MSG - The Messenger: A Massive Crash-Course In Self-promotion

Subhash K Jha IANS, 15 Feb, 2015 01:46 PM
  • MSG - The Messenger: A Massive Crash-Course In Self-promotion
Starring; Directed And Written By: Gurmeet Ram Rahim Singh
 
Among his many talents he sings, dances, preaches and pontificates -- but can he make a movie?
 
Going by the roar in the theatre, he surely can.
 
Audiences adore Gurmeet Singh Ram Rahim Singh. But more than those watching, it is the characters gawking on screen who seem to worship their hero in the same way that Chennai worships Rajinikanth or cricket fans worship Sachin Tendulkar.
 
In the film, we see men, women and children falling at his feet in Nirvanic ecstacy. In a crackling prologue, shot in the spirit of a Rajkumar Kohli thriller in the 1970s, Guruji's sprawling Ashram is attacked by masked marauders who have come to slay the spiritual leader. In less than 10 minutes the terrorists' guns are on the floor. And so are they. Cowering and whining for forgiveness.
 
Guruji forgives all. 
 
"MSG" is not a film. It is a massive crash-course in self-promotion, a reflection of what its helmsman feels and why devotes fall by the millions at his milk-washed feet.
 
The narrative proceeds in the spirit of episodes of a long-running serial, each episode chronicling the exploits of a godman-superhero who can make things happen by simply making a wish. 
 
 
He shuts his eye and the evil force evaporates. So we see episodes such as 'Guruji Takes On Terrorists', 'Guruji Blesses Community Marriages', 'Guruji Takes To The Broom For Swachch Bharat', 'Guruji Rocks The Stadium'.
 
My favourite episode in the two-and-half-hour-long film is the one where Guruji banters with paternal playfulness with a young unmarried devotee in his ashram who sulks because she'd have to get married and leave.
 
"You're a daughter. That's what daughters must do," Guruji explains playfully to the girl as she protests. A foreigner girl with a permanent smile on her face photographs the banter.
 
The above sequence is so Sooraj Barjatya, so Alok Nath and so Amrita Rao. Even Barjatya would blush at the gushy homage to his cinema. 
 
The filmed crowds reminiscent of Prakash Jha's political dramas, apparently comprising Guruji's real devotees, are so large, it is hard to identify one fawning bhakt from another except when the bhakt sports a turban or a skull cap. 
 
That apart, I can only vouch for the fact that Guruji's devotees in saris are women, and the ones in dhotis are men. 
 
 
In the melee of devotees I could make out two women devotees.
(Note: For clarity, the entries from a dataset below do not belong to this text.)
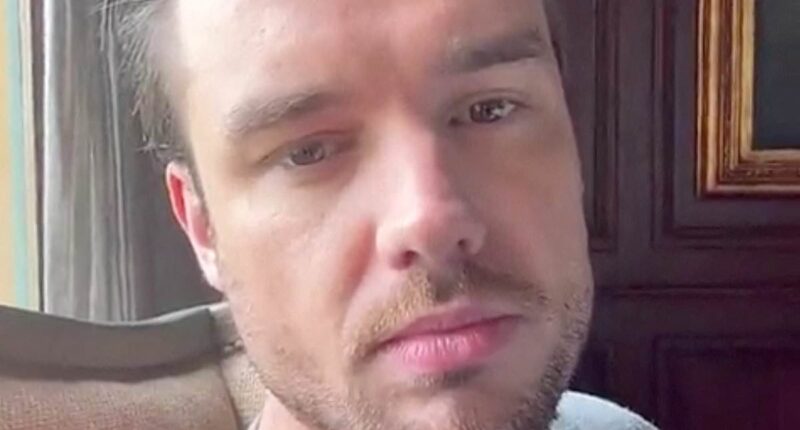 Liam Payne's loving father Geoff 'tried to commit him to a psychiatric treatment centre in the months before his death after he relapsed amid drug battle'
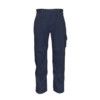 PITTSBURGH TROUSERS WITH KNEEPAD POCKETS DARK NAVY (L35W46.5) thumbnail-0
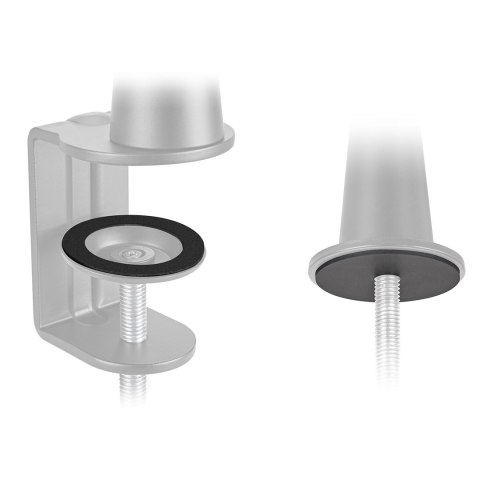 Uchwyt statyw do mikrofonu NanoRS, aluminiowy, RS471 Uchwyt statyw do mikrofonu NanoRS, aluminiowy, RS471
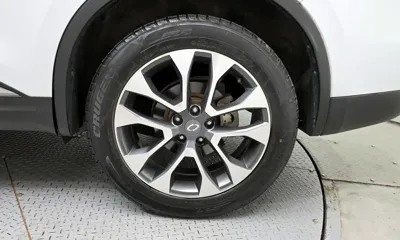 Renault-KoreaSamsung QM6 2017, 90795 км, за 7811.08 USD - фото 21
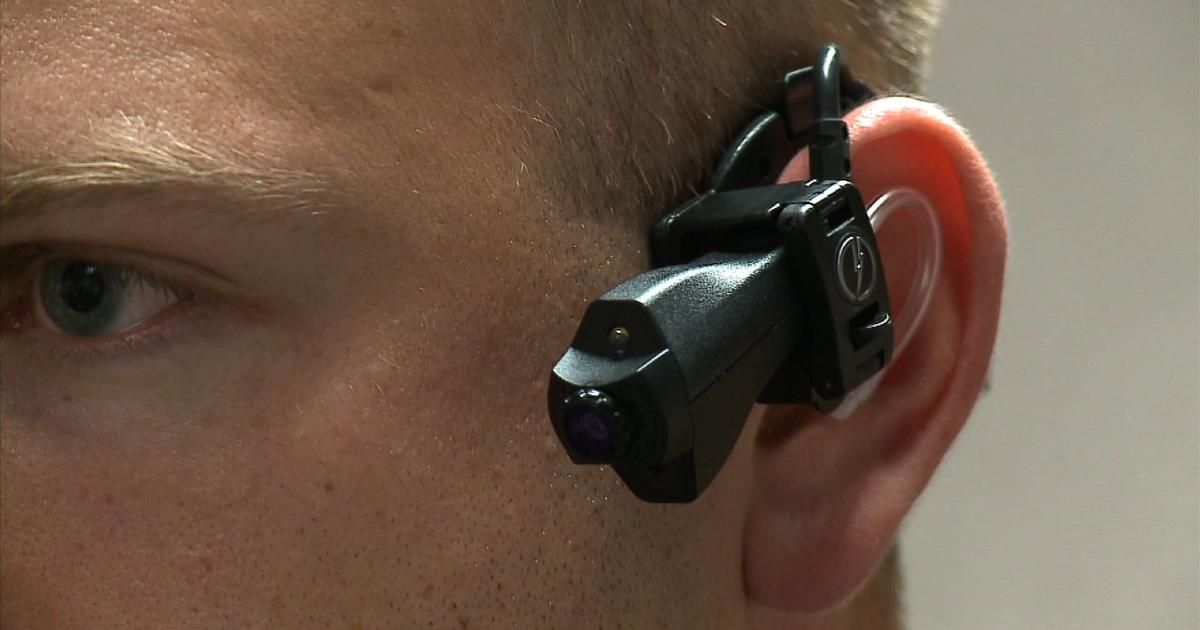 Minnesota lawmakers changed the law to make police release more body camera  footage - Minnesota Reformer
One was a rehabilitated sex worker, played by Flora Saini. More interesting was a foreign woman journalist named Alice played by Olexendra Semen.
 
There's a lot to be said about a spiritual leader who takes to filmy "hero-giri" with such sincere gusto. Even Rajinikanth can't equal this Guruji's reformist fervour. He acts, directs, composes the songs, writes the lyrics and, of course, performs the miracles.